Per strada con le donne schiave. Nel 2013 L’Associazione Comunità Papa Giovanni XXIII ha operato su tutto il territorio nazionale con 18 unità di strada, contattando 10.400 donne e inserendone in programmi di protezione sociale oltre 400. Dal 1995 a oggi, è riuscita a liberare oltre 7.000 donne. Un lavoro che non prevede sosta e che, per fortuna, vede la partecipazione di tantissimi gruppi. Tra i minori, le vittime sono per lo più ragazze provenienti in gran parte dall’Est Europa (Romania 22%, Albania 10,5, e poi Bulgaria, Moldavia, Ucraina) o dalla Nigeria (36%); non mancano però casi, sempre più in aumento, di sfruttamento nel lavoro di ragazzi (egiziani, cinesi, romeni o di origine Rom), coinvolti in circuiti di prostituzione, accattonaggio, attività illegali.
Statistiche da brivido. Chi si prostituisce, nel 65% dei casi, lo fa per strada ed ha età, per il 37% dei casi, dai 13 ai 17 anni; 52% dai 18 ai 30 anni; 11% sopra i 30 anni. Superfluo ricordare che il 100% ha subìto violenze sessuali, fisiche o psichiche. Ma se si vuole sradicare il fenomeno, non basta sottrarre alle leggi del mercato l’offerta, bisogna incidere sulla domanda. Per il Gruppo Abele, i clienti – in gran parte sposati (77%), appartenenti al ceto medio alto (56%) e nella fascia d’età compresa tra i 40 e 55 anni (43%) – sono 2,5 milioni, per altre associazioni di più.
Il nuovo corso europeo. Il dato più allarmante, al di là del numero, è la cultura che c’è dietro il rapporto a pagamento. “Inutile girarci intorno – spiega Silvia Costa, europarlamentare del PD – gli uomini che acquistano sesso hanno un’immagine degradante delle donne ed è su loro che bisogna innanzitutto agire”. È il senso della risoluzione Honeyball (dal nome della proponente, una laburista inglese) che promuove il modello svedese che punisce e punta a responsabilizzare i clienti.
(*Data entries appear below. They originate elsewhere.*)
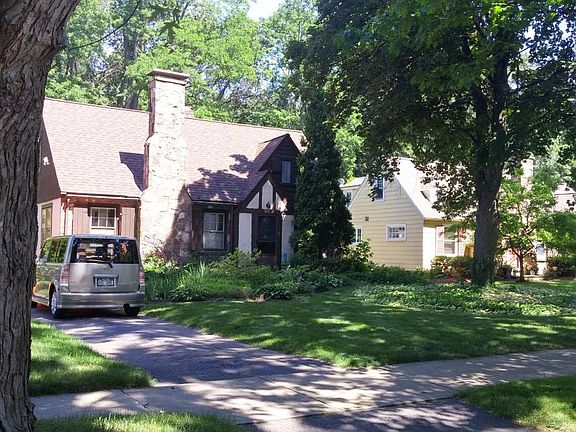 Home Sweet Home - Rent with an Option to Buy Spring 2020. Owner does the lawn and garden care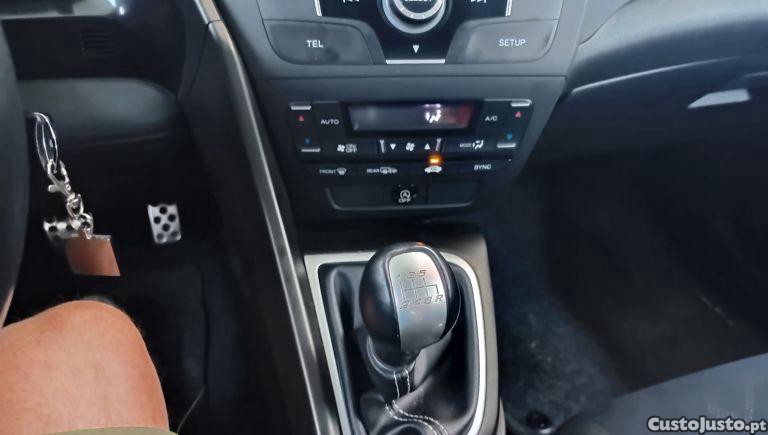 Honda Civic 5P 1.6 I-Dtec — fotografia 3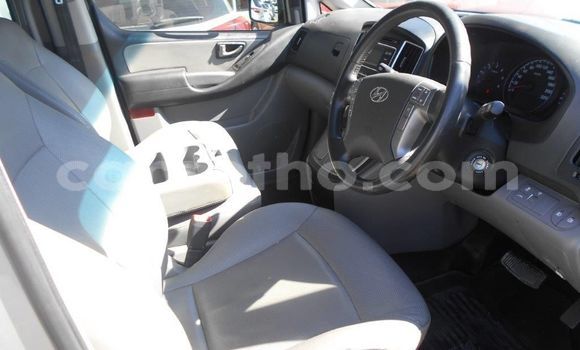 Sayi Na hannu Hyundai H1 Silver Mota in Maputsoe a Leribe Sayi Na hannu Hyundai H1 Silver Mota in Maputsoe a Leribe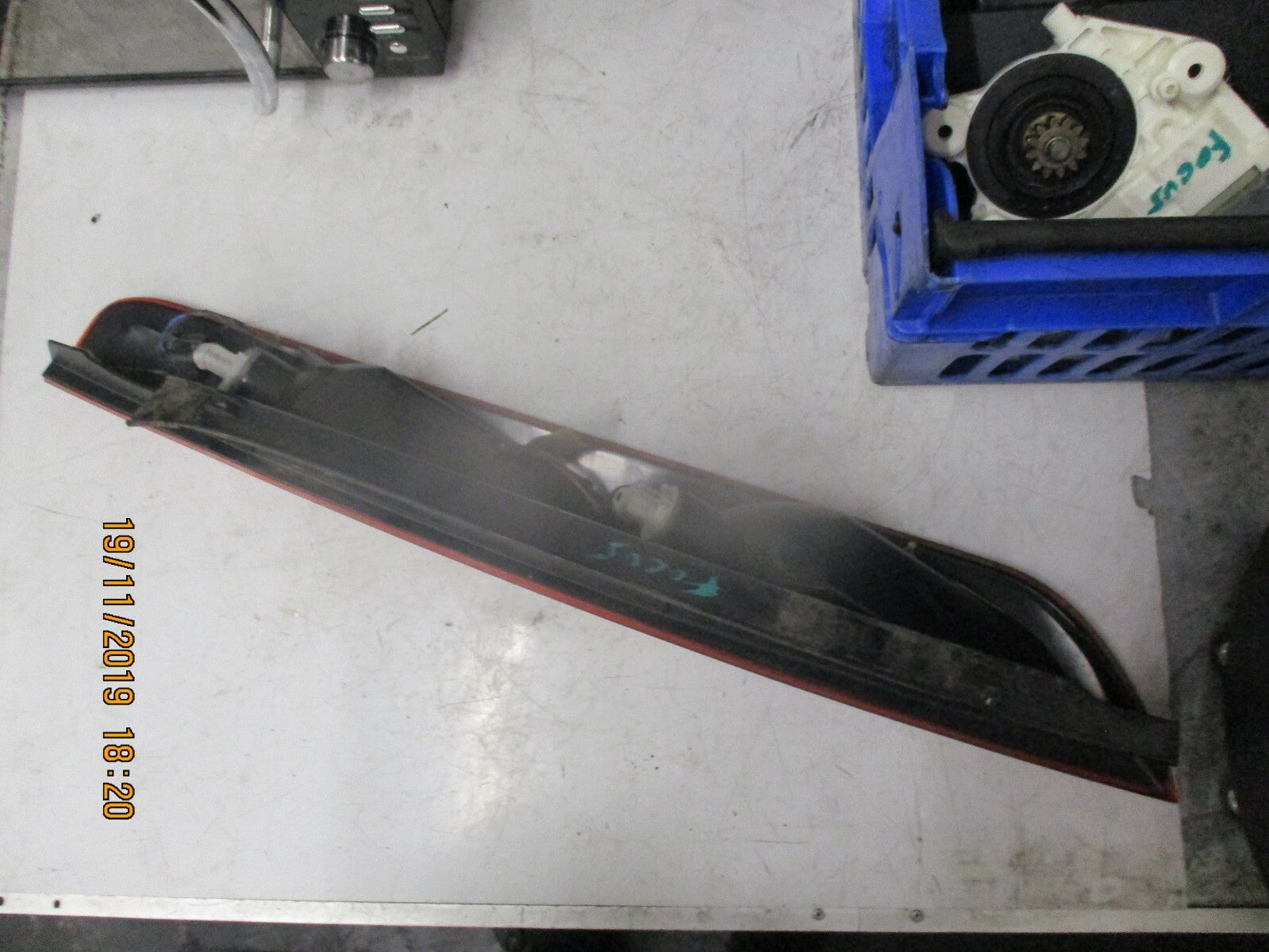 FORD FOCUS MK2 PRE FACELIFT 2005 NSR PASSENGER SIDE REAR BRAKE STOP LIGHT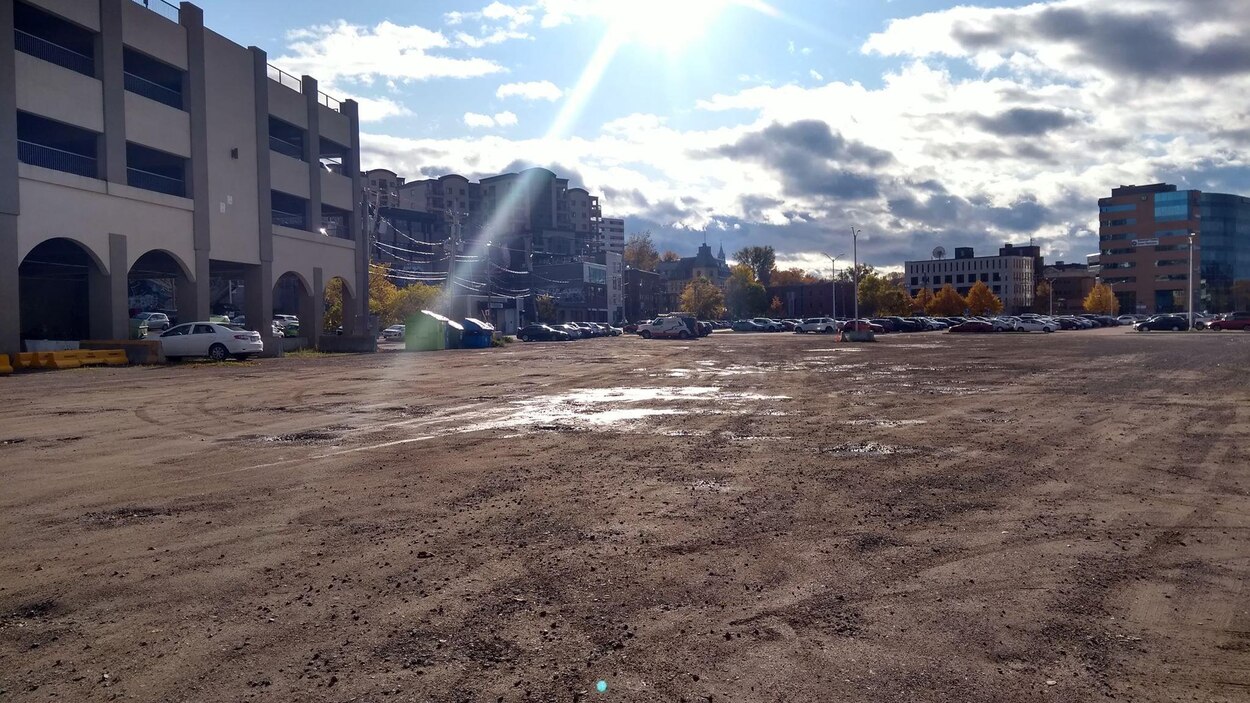 La population ne veut pas de logements sur la zone ferroviaire, dit la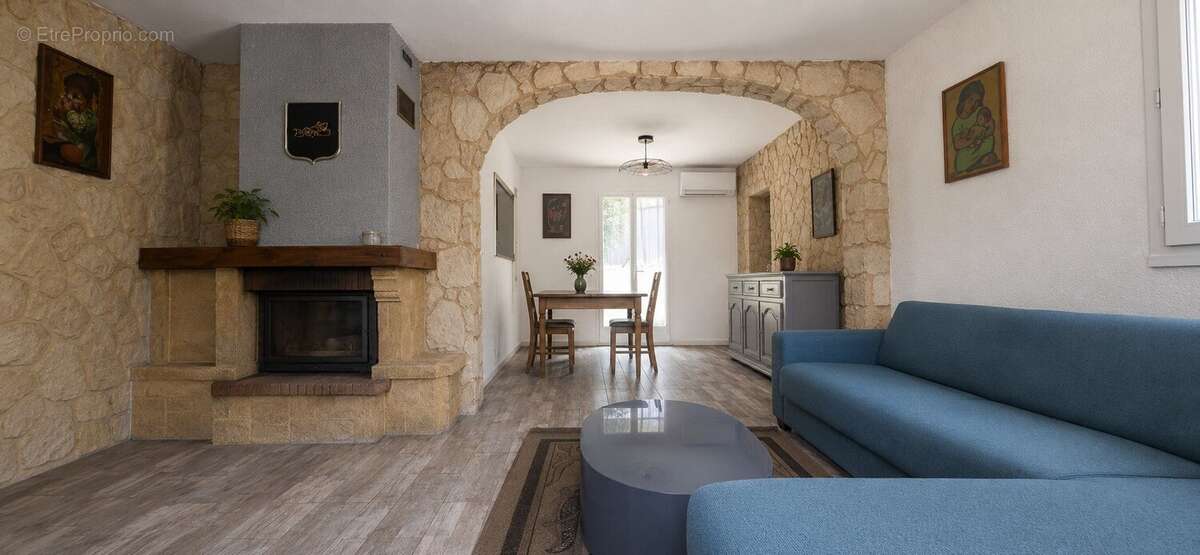 Maison à TOURRETTE-LEVENS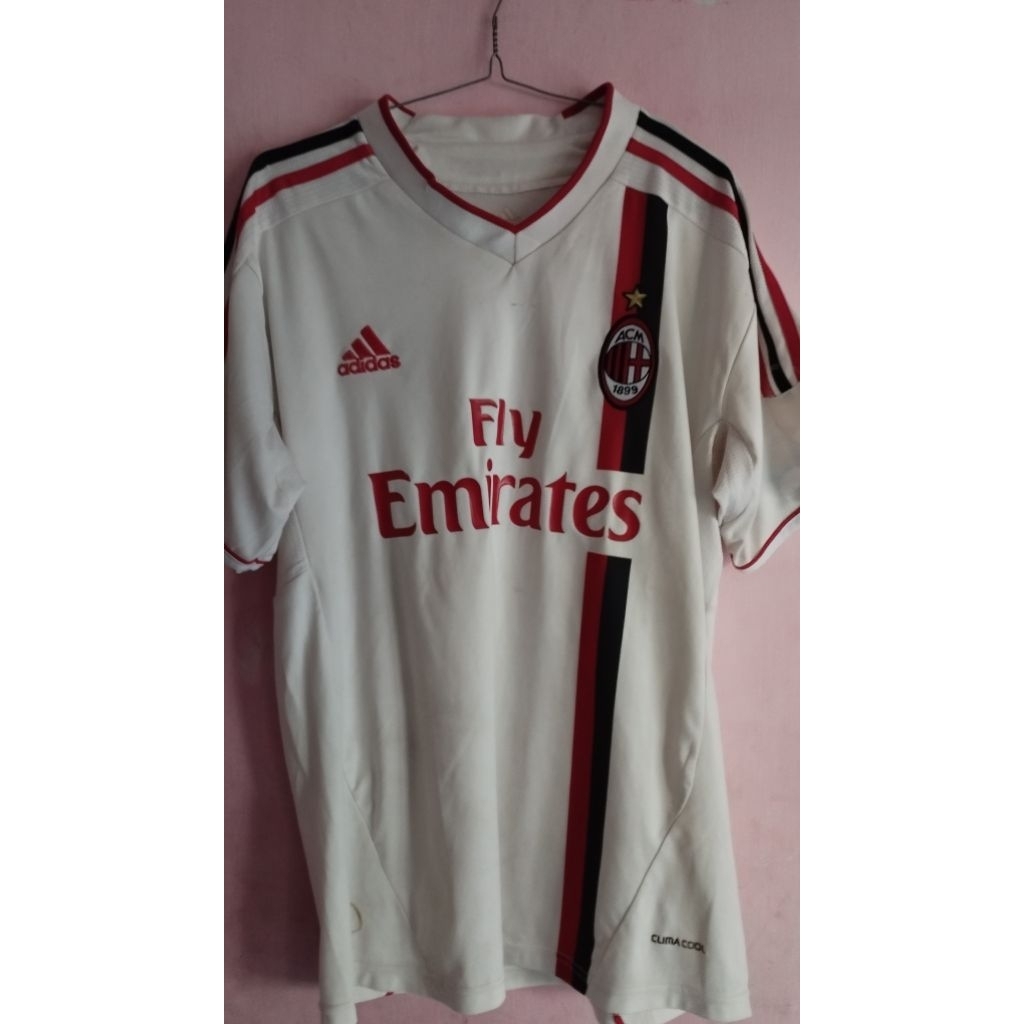 AC Milan 2011 Away second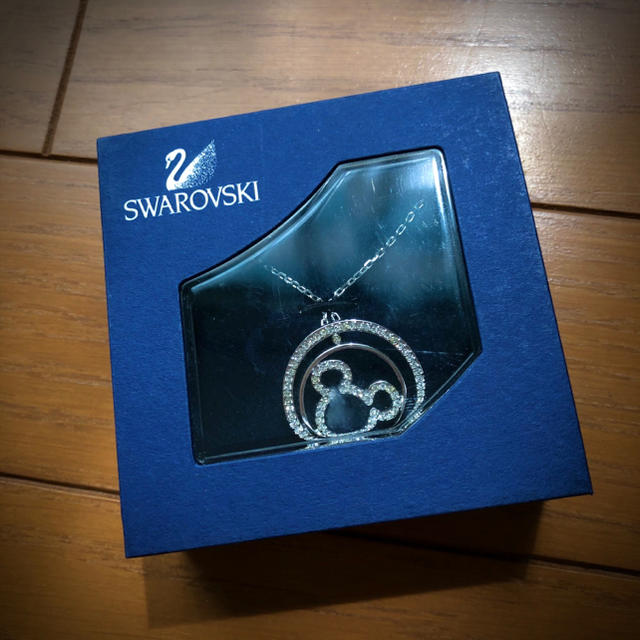 SWAROVSKI(スワロフスキー)のスワロフスキー ミッキーネックレス レディースのアクセサリー(ネックレス)の商品写真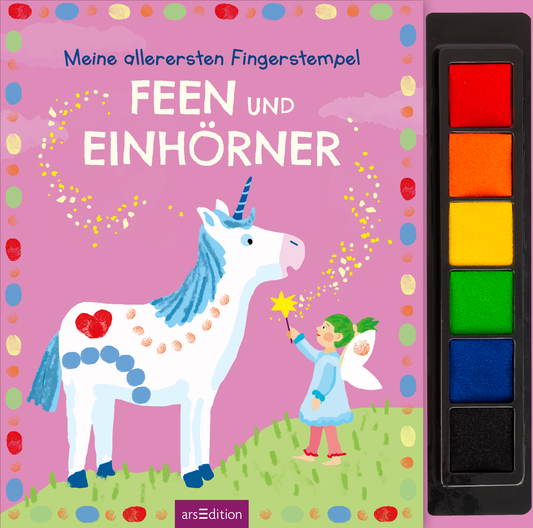 Das Buchcover zeigt eine fröhliche, kindliche Illustration vor einem zarten rosa Hintergrund. Im Mittelpunkt steht ein freundliches Einhorn mit einem blauen Horn, das von einem Mädchen mit Flügeltuch, einer Zauberstab und einem Lächeln begleitet wird. Der Titel „FEEN UND EINHÖRNER“ ist in großen, weißen Buchstaben oben auf dem Cover platziert. Ein kleiner Hinweis „Meine allerersten Fingerstempel“ steht darüber. Rechts ist eine Farbpalette mit leuchtenden Farben abgebildet. Ganz...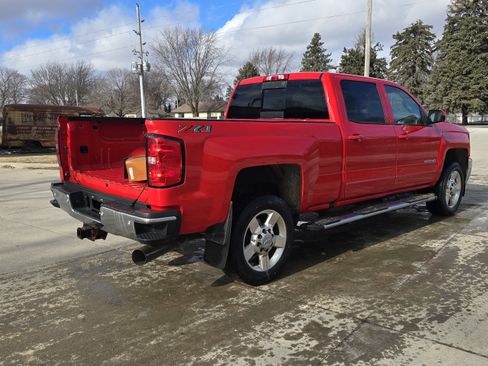 Used 2018 Chevrolet Silverado 2500 LT w/ LT Plus Package image 5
Votata di recente al Parlamento europeo, segna una rivoluzione culturale nell’approccio alla prostituzione, giudicata come una forma di violenza nei confronti delle donne, segno di una disparità di genere. “La risoluzione – riprende la Costa, relatrice ombra della direttiva contro la tratta degli esseri umani, che lancia l’idea di istituire in Italia un coordinatore antitratta – sfata anche il mito della legalizzazione della prostituzione, come rimedio contro la schiavitù: secondo l’Onu è l’Olanda, la prima destinazione delle vittime della tratta, mentre in Germania e in Grecia non è stato intaccato il business dei ‘protettori’ “.